The second job I wanted to do was to use the rolling mill to press some leaves into copper so that I could make some more of my leaf brooches. They seem to sell really well, so thought I would try to make some more. Whilst I was searching through the leaves I found some really tiny ones. I decided to press these into silver … not sure what I am going to make out of them yet, but I’m looking forward to seeing them when they are done.
The third job I started was a new collection. We were given the opportunity by Uni to be a part of an exhibition run by Wrexham Museum. They museum is to house the Mold Cape when it visits Wrexham. The Cape was discovered in a small town about 10 minutes from Wrexham. The cape comes to visit Wales periodically, it will be in Wrexham in August. We were given the task of designing a range of jewellery that would compliment the Cape exhibit. The jewellery will be sold alongside the exhibition.
The Cape is made out of gold, and is patterned with beautiful technique called repousse. Repousse is a technique where the metal is set in (or in the case of a vessel filled with) pitch. Pitch is a tar like substance that supports the metal while it is worked. Special punches are hammered into the metal to create detailed patterns and pictures. This is an ancient technique that was and still is a skilled job.
I wanted to keep all this in mind while I was designing. I made several designs but in the end decided that I would like to use granulation in my pieces. Granulation was perfected at the same time that repousse was being discovered so the techniques matched in the time period. I also wanted to give my pieces an aged look. I began today by cutting out the base plates for the pieces, sanding and finishing them and hammering a channel down the centre of each piece so that the granulations don’t move while I am trying to attach them.
While I was working a butterfly came in and rested on a newspaper … he was so beautiful that I decided to share a picture with you!
A lot of progress for today! Tomorrow I’m hoping to work a bit more on the collection, maybe even get a couple of pieces finished.
Today I have poured the plaster on the leaf moulds that I made yesterday. I’m quite excited to see how they turn it. It’s always a gamble to see whether any details are picked up or if you just get a silhouette of the shape you have cast. I have also attempted to make a negative cast of the medal that I have been working on. There are a couple of area’s that I’m just not happy with, but at the same time I’m not able to get the tools in close enough to get the detail that I want. By doing a negative cast all the hard to reach area’s suddenly become the highest points of the medal, meaning that I can perfect them and then do another negative cast to get a perfect result … hopefully!
I’m always a little nervous when I do a negative cast.
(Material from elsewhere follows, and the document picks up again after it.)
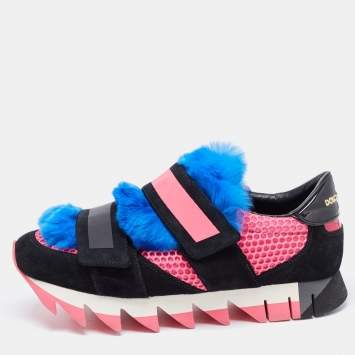 Pre Owned Dolce & Gabbana Tricolor Suede and Mink Fur Low Top Sneakers Size 40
I’m never completely convinced that the two halves won’t just stick together never to be parted, but I’ve followed the same procedures that we did in Bulgaria so hopefully it should be fine.
I’m feeling a little pressured today. I’ve had a go at micro forging some tests for the root pieces. I’m not convinced it’s going to be a good effect, at least not with my forging. I’m going to have to practice a lot to get a good enough result for my final pieces. I was feeling a little low after the forging so decided to do something that I knew I was good at. I made some test granulations on sticks and then twisted them together and soldered them to get a root effect. I was quite pleased with the result, I can definitely see the possibilities.